DATA EXTRACT: Begin

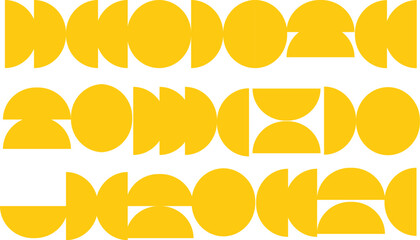 Trendy Bauhaus geometric pattern, vector background. Multicolored geometry abstract print design with rectangles, squares and circles. Op art, neo geometry. 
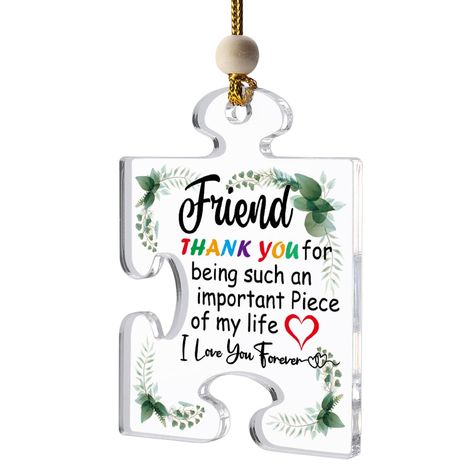 PRICES MAY VARY. 【Thank You Friend Gift】 Our ornament with a nice saying "thank you for being such an important part of my story." It is perfect thank you gifts for Friend. Let's say thank you in a new way. 【Appreciation Gift】: It is a Friend appreciation gifts, great Friend appreciation gift, thank you gifts for Friend, Friend gift, soul Friend gift, Thanksgiving, Christmas, birthday. 【Material and Size】The acrylic plaque material is crystal clear and pleasing to the eye, carefully polished, sm Long Distance Friend Gifts, Acrylic Puzzle, Thank You Sister, Soul Sisters Gifts, Aunt Birthday Gift, Friend Anniversary, Birthday Gifts For Brother, Gifts For Friend, Christmas Gifts For Sister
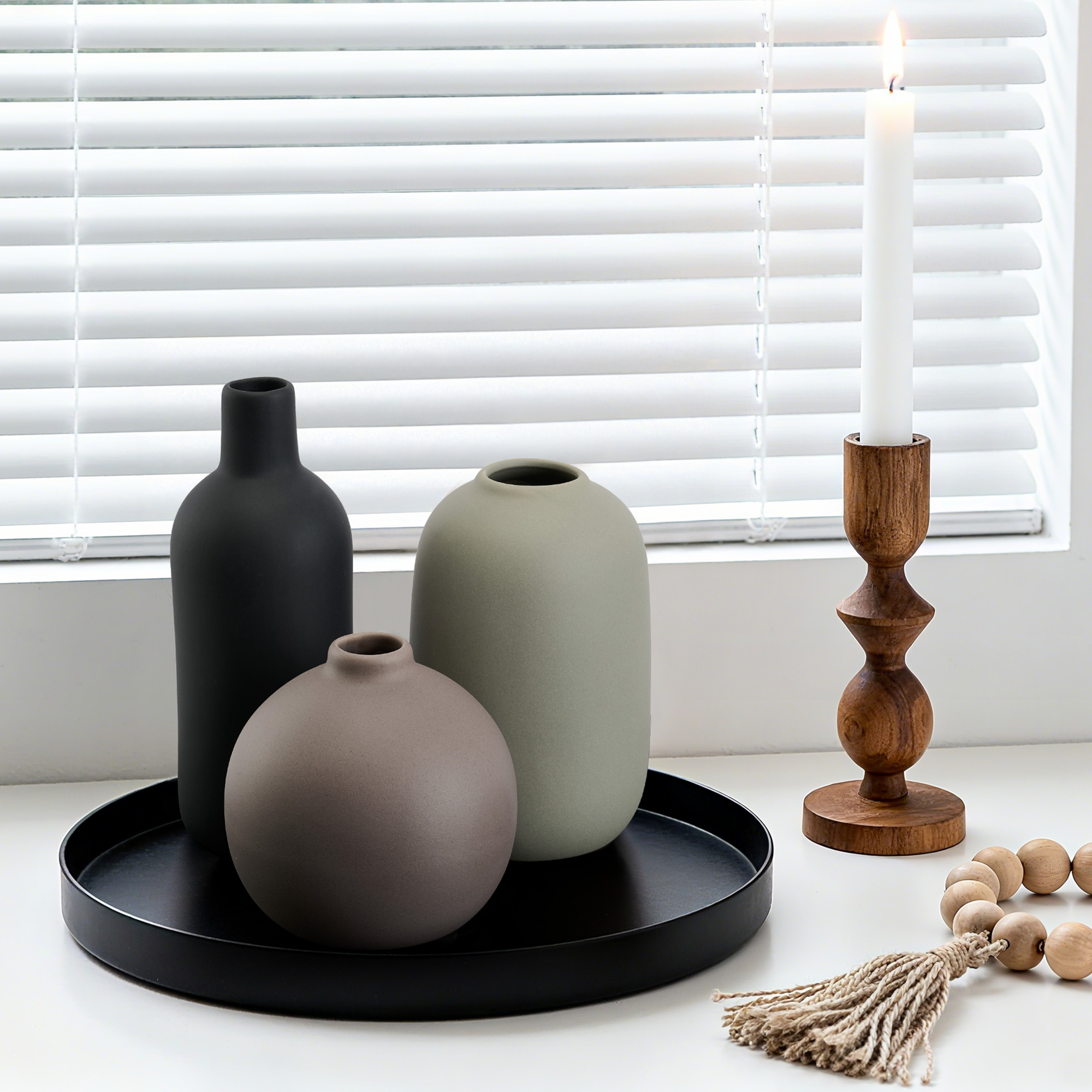 北欧网红ins干花插花小花瓶餐桌茶几客厅轻奢现代陶瓷装饰品摆件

DATA EXTRACT: End

Full transcription of the material, exact in every line, without images.

# EXERCISE SOLUTION:
 Trendy Bauhaus geometric pattern, vector background. Multicolored geometry abstract print design with rectangles, squares and circles. Op art, neo geometry. 
 PRICES MAY VARY. 【Thank You Friend Gift】 Our ornament with a nice saying "thank you for being such an important part of my story." It is perfect thank you gifts for Friend. Let's say thank you in a new way. 【Appreciation Gift】: It is a Friend appreciation gifts, great Friend appreciation gift, thank you gifts for Friend, Friend gift, soul Friend gift, Thanksgiving, Christmas, birthday. 【Material and Size】The acrylic plaque material is crystal clear and pleasing to the eye, carefully polished, sm Long Distance Friend Gifts, Acrylic Puzzle, Thank You Sister, Soul Sisters Gifts, Aunt Birthday Gift, Friend Anniversary, Birthday Gifts For Brother, Gifts For Friend, Christmas Gifts For Sister
 北欧网红ins干花插花小花瓶餐桌茶几客厅轻奢现代陶瓷装饰品摆件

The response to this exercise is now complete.